Work instruction:
What are the lines below, starting at the line containing "Yan Gomes congratulates" and ending at the line containing "Kapolres Majalengka Pimpin"? Write them out exactly, ends included, without pictures.

Record excerpts:

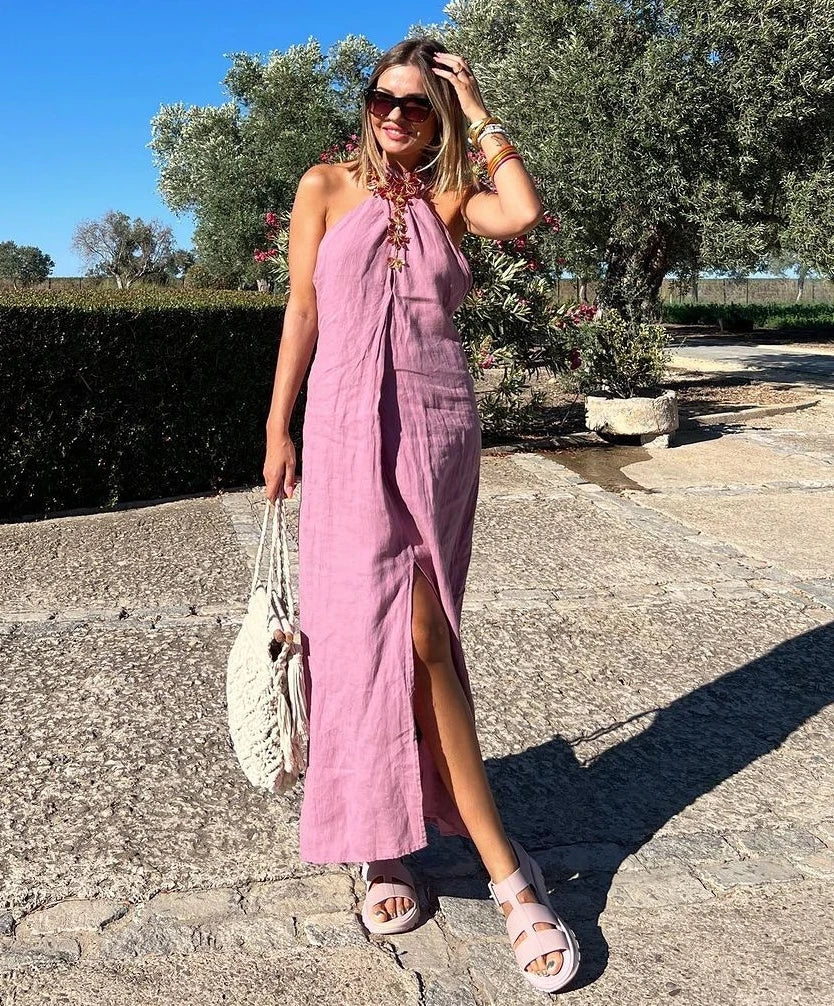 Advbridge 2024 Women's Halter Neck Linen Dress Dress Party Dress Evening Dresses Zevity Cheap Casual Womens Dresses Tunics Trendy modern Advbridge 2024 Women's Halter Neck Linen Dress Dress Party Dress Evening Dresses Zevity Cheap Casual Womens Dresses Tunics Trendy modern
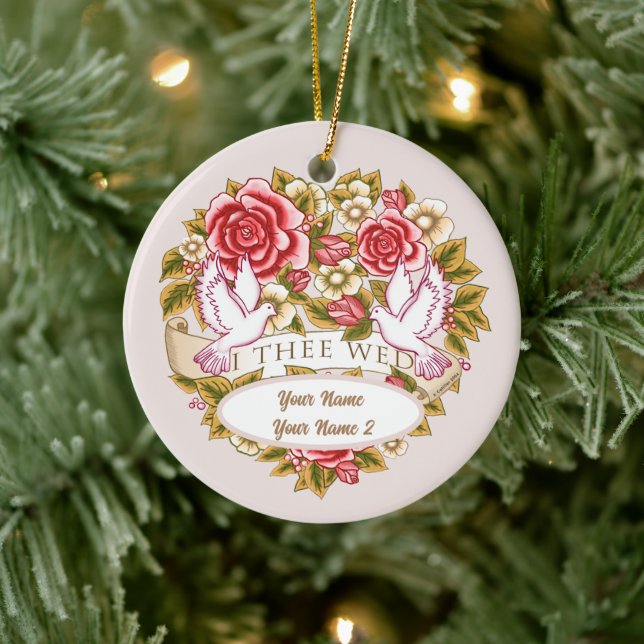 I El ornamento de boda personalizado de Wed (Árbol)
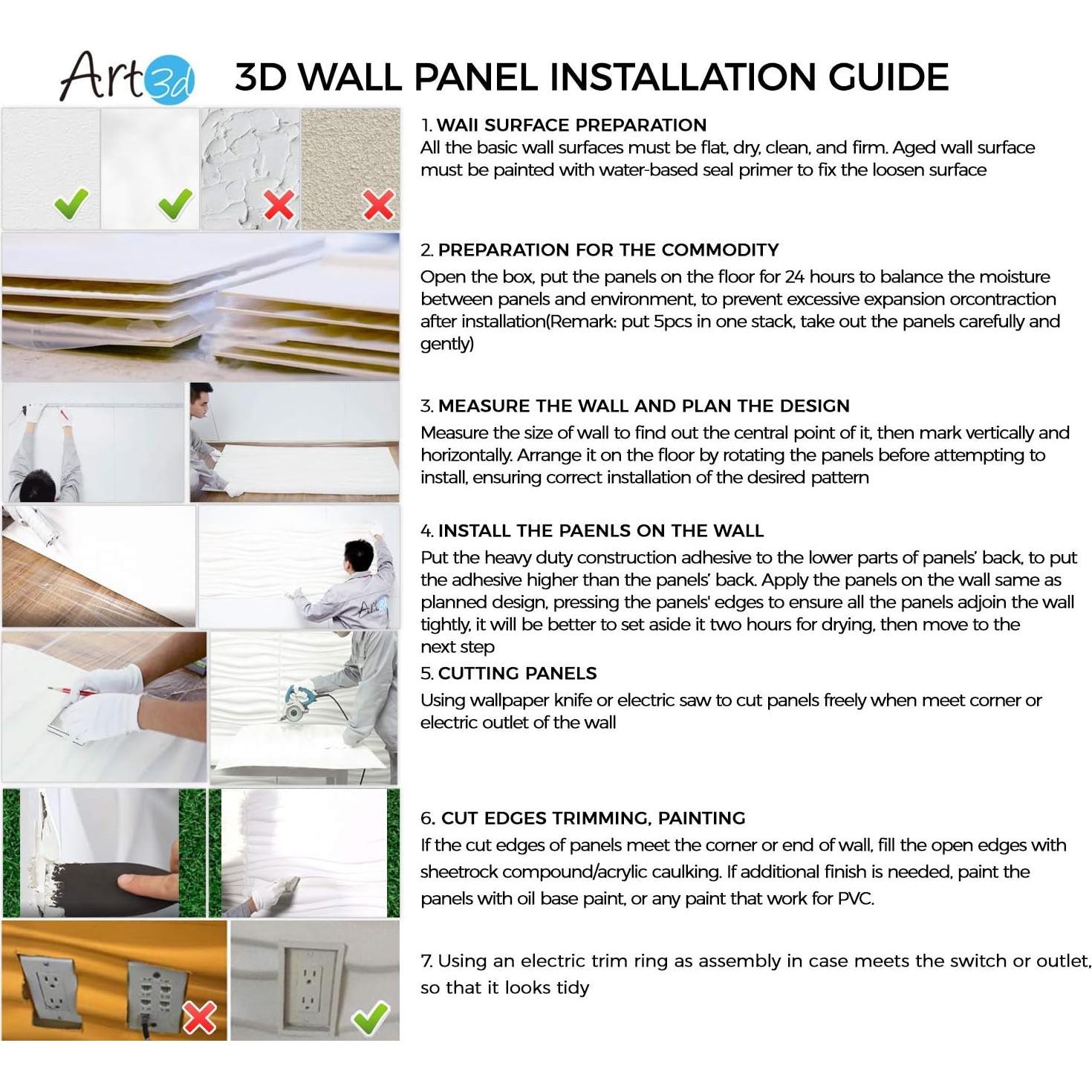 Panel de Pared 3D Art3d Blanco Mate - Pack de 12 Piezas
==
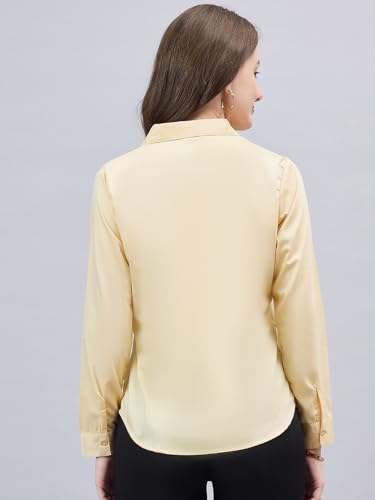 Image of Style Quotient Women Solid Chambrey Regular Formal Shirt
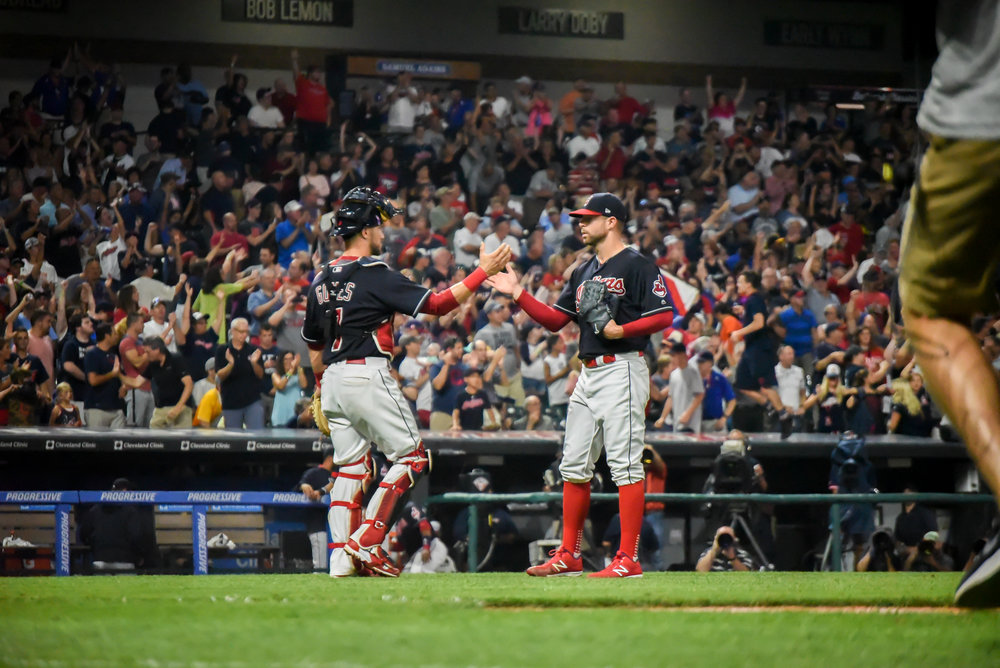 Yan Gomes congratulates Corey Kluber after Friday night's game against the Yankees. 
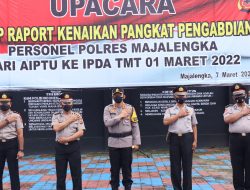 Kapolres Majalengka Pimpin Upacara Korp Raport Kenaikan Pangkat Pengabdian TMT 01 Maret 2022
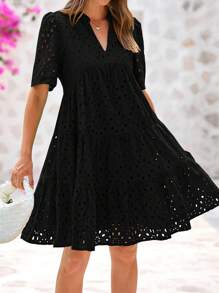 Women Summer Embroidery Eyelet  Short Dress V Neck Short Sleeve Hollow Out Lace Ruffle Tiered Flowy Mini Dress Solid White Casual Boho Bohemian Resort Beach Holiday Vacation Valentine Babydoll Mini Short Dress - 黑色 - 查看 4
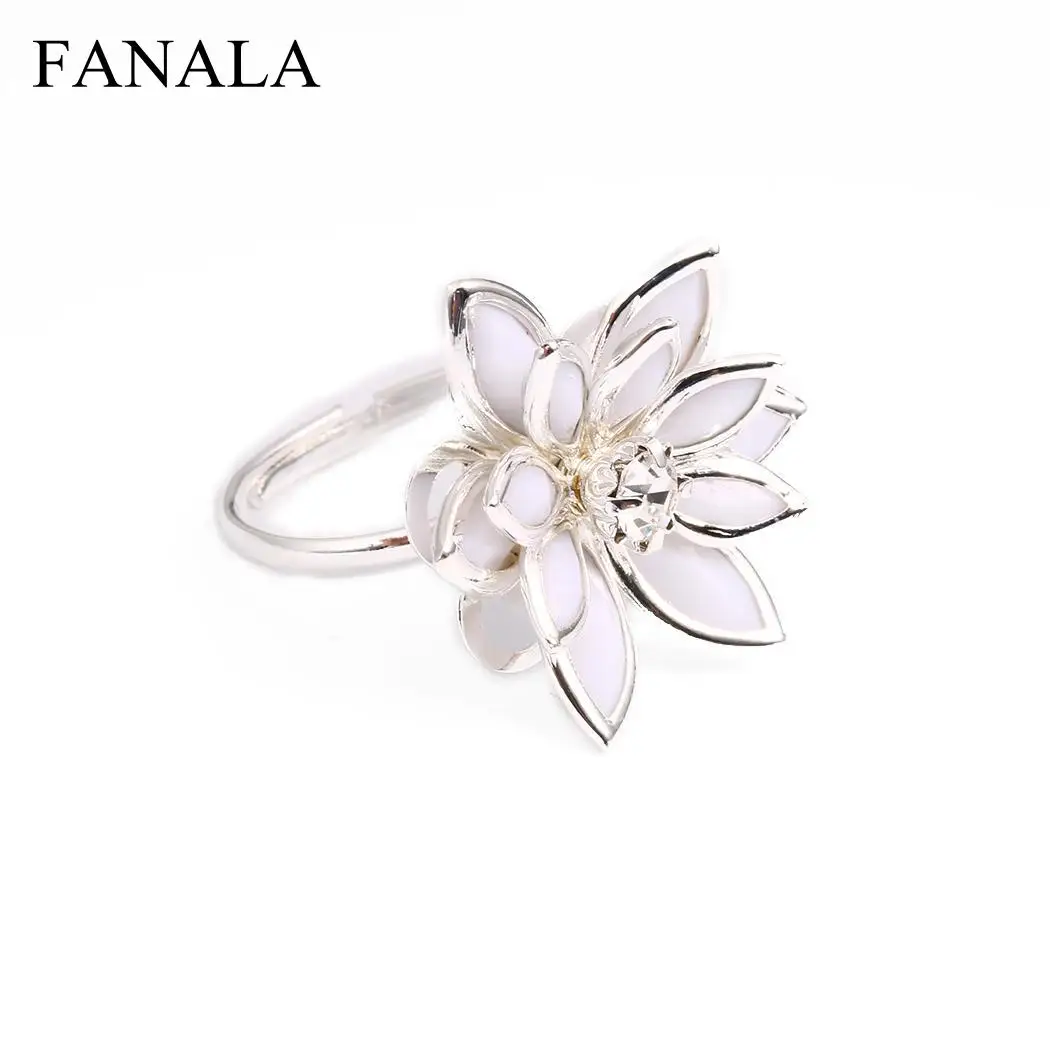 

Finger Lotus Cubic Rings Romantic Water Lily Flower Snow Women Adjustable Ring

Output for this exercise:
 Yan Gomes congratulates Corey Kluber after Friday night's game against the Yankees. 
 Kapolres Majalengka Pimpin Upacara Korp Raport Kenaikan Pangkat Pengabdian TMT 01 Maret 2022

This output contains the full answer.